_Provided data_
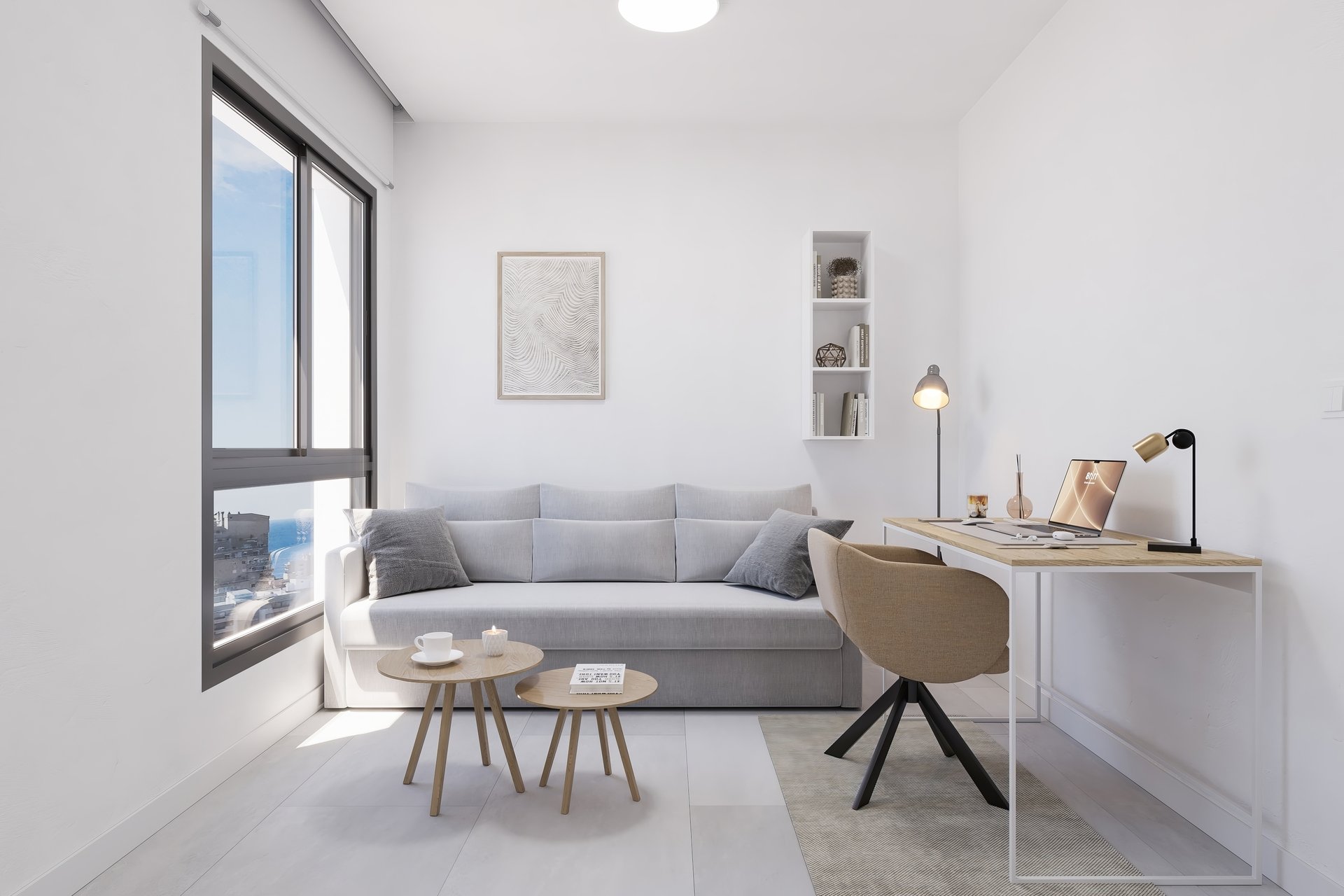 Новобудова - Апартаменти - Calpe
...
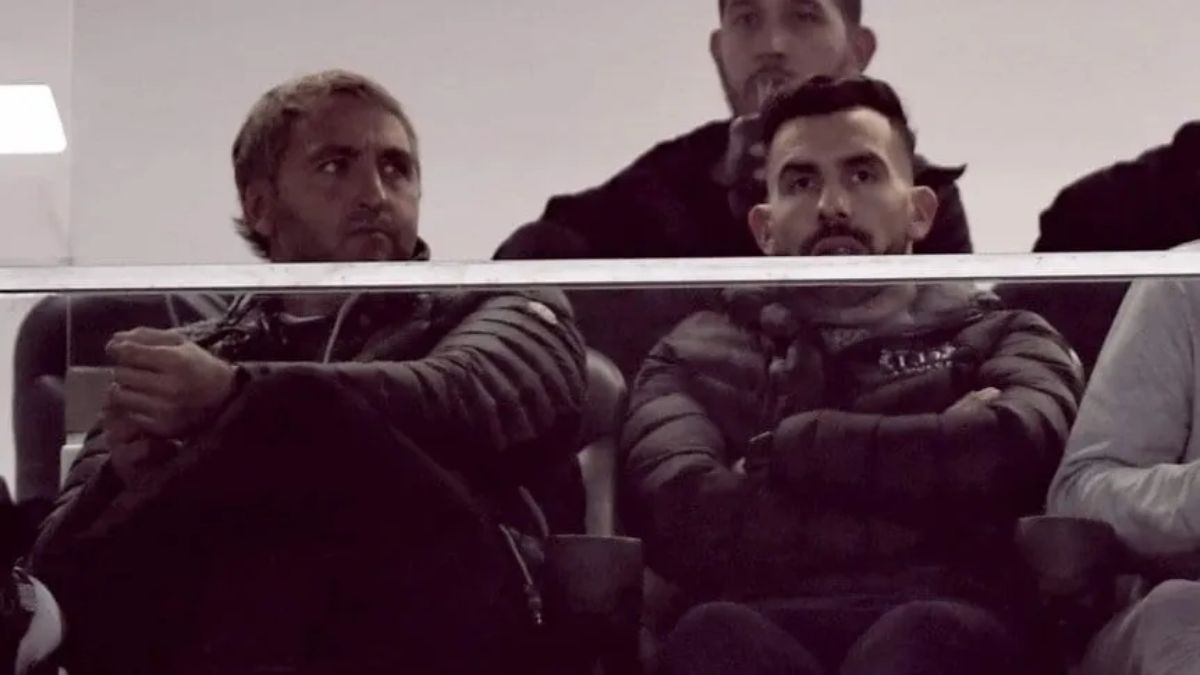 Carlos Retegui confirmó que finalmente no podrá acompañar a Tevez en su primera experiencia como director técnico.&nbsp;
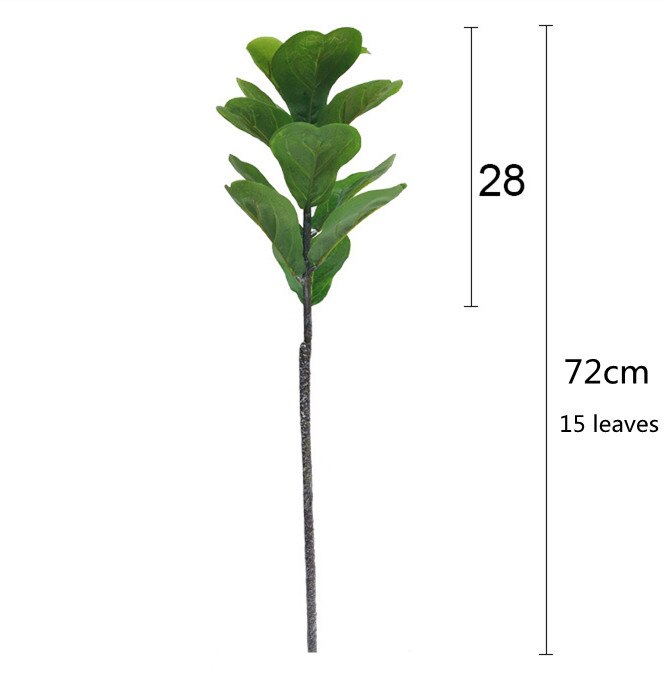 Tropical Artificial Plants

_What to produce_
In the records above, find the line with "Carlos Retegui confirmó". Print exactly from there through the line with "Tropical Artificial Plants", minus the pictures.

_Output of the exercise_
 Carlos Retegui confirmó que finalmente no podrá acompañar a Tevez en su primera experiencia como director técnico.&nbsp;
 Tropical Artificial Plants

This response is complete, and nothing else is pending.